◆ **Requirement**
Retype, without any change, the line that contains "Guardamar del Segura - El Raso" and every line that follows it to the end of the entries, and nothing else.

◆ **Entries taken from a collection**
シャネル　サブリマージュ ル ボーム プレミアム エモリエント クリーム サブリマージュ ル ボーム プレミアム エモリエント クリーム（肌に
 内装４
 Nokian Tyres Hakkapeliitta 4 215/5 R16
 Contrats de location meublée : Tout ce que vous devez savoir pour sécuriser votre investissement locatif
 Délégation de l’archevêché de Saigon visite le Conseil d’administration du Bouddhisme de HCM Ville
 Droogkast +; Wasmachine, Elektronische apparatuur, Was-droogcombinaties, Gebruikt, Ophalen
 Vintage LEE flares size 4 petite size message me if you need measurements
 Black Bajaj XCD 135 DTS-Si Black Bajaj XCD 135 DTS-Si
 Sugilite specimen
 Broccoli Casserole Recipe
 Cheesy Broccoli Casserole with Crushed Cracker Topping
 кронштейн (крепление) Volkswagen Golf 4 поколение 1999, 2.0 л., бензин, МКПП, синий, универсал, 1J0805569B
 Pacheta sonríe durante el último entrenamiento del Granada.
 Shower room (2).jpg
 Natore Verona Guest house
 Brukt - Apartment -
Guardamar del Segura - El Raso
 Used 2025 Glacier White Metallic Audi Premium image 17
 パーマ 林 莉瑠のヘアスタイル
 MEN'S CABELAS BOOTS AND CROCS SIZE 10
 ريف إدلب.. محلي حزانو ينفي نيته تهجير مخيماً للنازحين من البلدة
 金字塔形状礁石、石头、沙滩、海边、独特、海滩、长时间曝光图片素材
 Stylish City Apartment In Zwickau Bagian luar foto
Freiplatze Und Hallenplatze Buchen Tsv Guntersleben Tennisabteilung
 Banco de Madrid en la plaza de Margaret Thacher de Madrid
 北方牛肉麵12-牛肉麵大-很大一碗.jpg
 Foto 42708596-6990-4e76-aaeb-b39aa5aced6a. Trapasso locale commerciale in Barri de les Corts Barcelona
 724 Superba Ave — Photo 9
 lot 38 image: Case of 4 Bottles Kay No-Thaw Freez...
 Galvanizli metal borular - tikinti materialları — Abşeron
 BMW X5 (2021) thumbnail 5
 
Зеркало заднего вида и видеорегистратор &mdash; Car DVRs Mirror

◆ **Answer to this problem**
Guardamar del Segura - El Raso
 Used 2025 Glacier White Metallic Audi Premium image 17
 パーマ 林 莉瑠のヘアスタイル
 MEN'S CABELAS BOOTS AND CROCS SIZE 10
 ريف إدلب.. محلي حزانو ينفي نيته تهجير مخيماً للنازحين من البلدة
 金字塔形状礁石、石头、沙滩、海边、独特、海滩、长时间曝光图片素材
 Stylish City Apartment In Zwickau Bagian luar foto
Freiplatze Und Hallenplatze Buchen Tsv Guntersleben Tennisabteilung
 Banco de Madrid en la plaza de Margaret Thacher de Madrid
 北方牛肉麵12-牛肉麵大-很大一碗.jpg
 Foto 42708596-6990-4e76-aaeb-b39aa5aced6a. Trapasso locale commerciale in Barri de les Corts Barcelona
 724 Superba Ave — Photo 9
 lot 38 image: Case of 4 Bottles Kay No-Thaw Freez...
 Galvanizli metal borular - tikinti materialları — Abşeron
 BMW X5 (2021) thumbnail 5
 
Зеркало заднего вида и видеорегистратор &mdash; Car DVRs Mirror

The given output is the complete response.